WHAT THIS TASK INVOLVES:
A faithful copy of all the data is the goal; omit the pictures.

DATASET SECTION:
*** Begin section ***

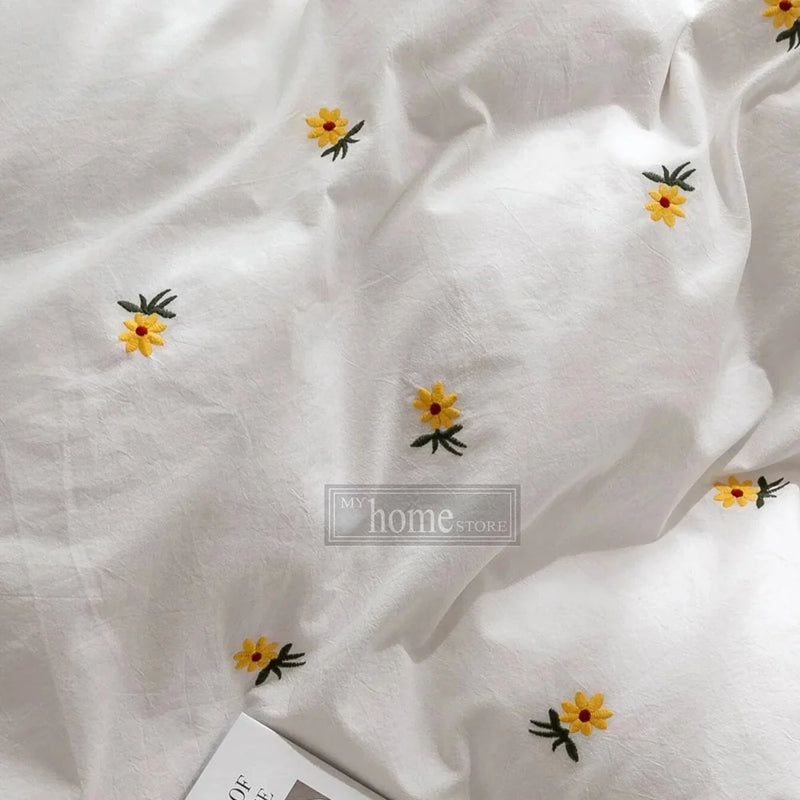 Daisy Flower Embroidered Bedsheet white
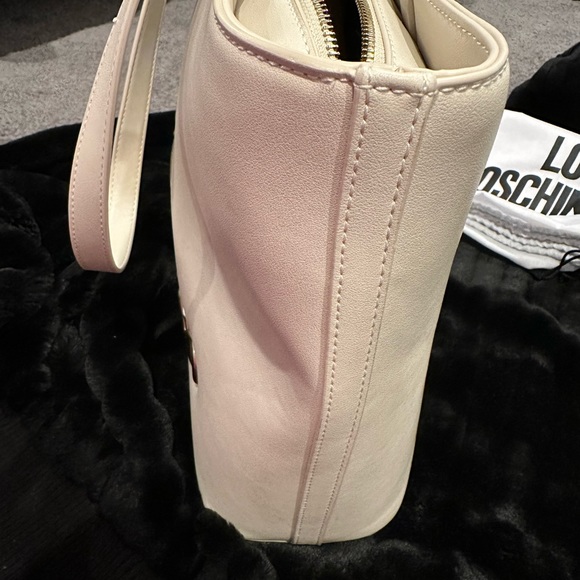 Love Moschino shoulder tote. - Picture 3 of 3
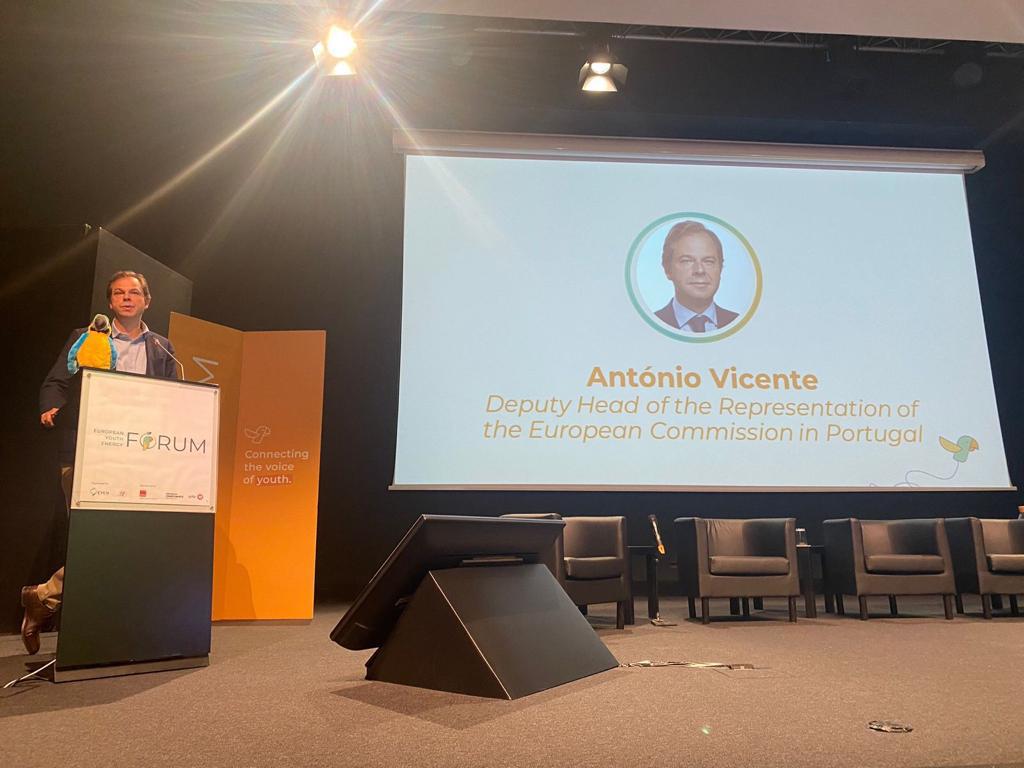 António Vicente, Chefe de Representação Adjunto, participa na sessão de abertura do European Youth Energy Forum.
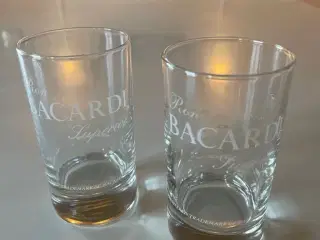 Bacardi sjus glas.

*** End section ***

TASK RESPONSE:
 Daisy Flower Embroidered Bedsheet white
 Love Moschino shoulder tote. - Picture 3 of 3
 António Vicente, Chefe de Representação Adjunto, participa na sessão de abertura do European Youth Energy Forum.
 Bacardi sjus glas.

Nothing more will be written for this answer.